- Zavallia Location in Kirovohrad Oblast Zavallia Location in Ukraine
- Coordinates: 48°12′09″N 30°00′52″E﻿ / ﻿48.20250°N 30.01444°E
- Country: Ukraine
- Oblast: Kirovohrad Oblast
- Raion: Holovanivsk Raion
- Hromada: Zavallia settlement hromada

Population (2022)
- • Total: 4,433
- Time zone: UTC+2 (EET)
- • Summer (DST): UTC+3 (EEST)

= Zavallia, Kirovohrad Oblast =

Rural locality in Kirovohrad Oblast, Ukraine

Zavallia (Завалля; Завалье) is a rural settlement in Holovanivsk Raion of Kirovohrad Oblast in Ukraine. It is located on the left bank of the Southern Bug. Zavallia hosts the administration of Zavallia settlement hromada, one of the hromadas of Ukraine. Population:

==History==
Until 18 July 2020, Zavallia belonged to Haivoron Raion.

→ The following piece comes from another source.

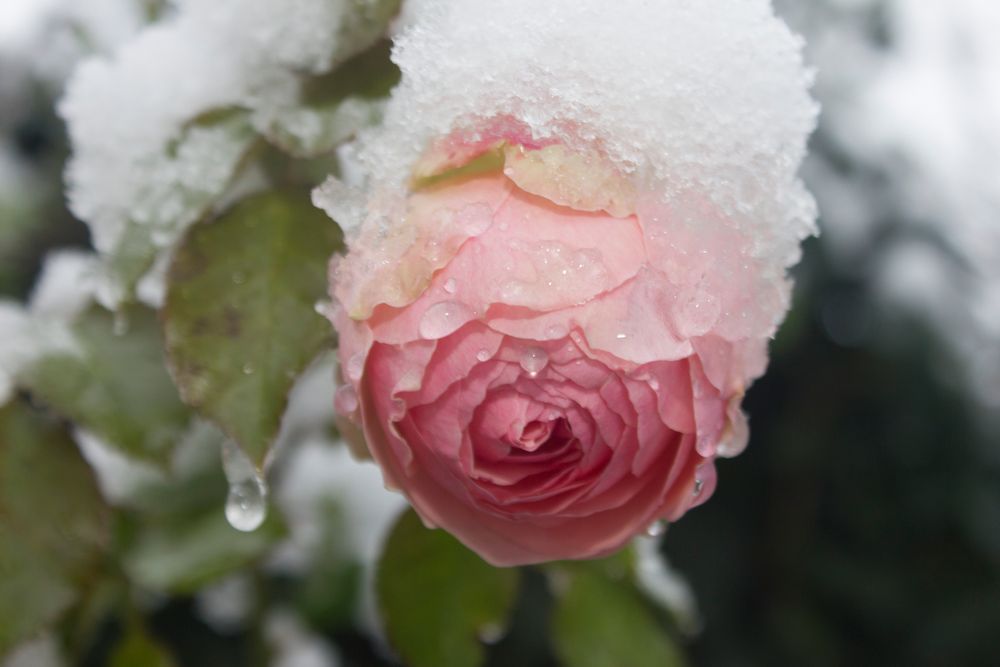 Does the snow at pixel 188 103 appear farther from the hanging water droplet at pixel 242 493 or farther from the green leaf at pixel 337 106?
the hanging water droplet at pixel 242 493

The raion was abolished in July 2020 as part of the administrative reform of Ukraine, which reduced the number of raions of Kirovohrad Oblast to four. The area of Haivoron Raion was merged into Holovanivsk Raion.

Until 26 January 2024, Zavallia was designated urban-type settlement. On this day, a new law entered into force which abolished this status, and Zavallia became a rural settlement.

==Economy==
===Transportation===
The settlement is connected by road with Haivoron and Savran. It has access to Highway M05 which connects Kyiv and Odesa.

=== Mining ===
The Zavallia mine is one of the largest graphite mines in Ukraine and in the world. The mine is located in the center of the country in Kirovohrad Oblast. The mine has estimated reserves of 6.4 million tonnes of ore 7% graphite.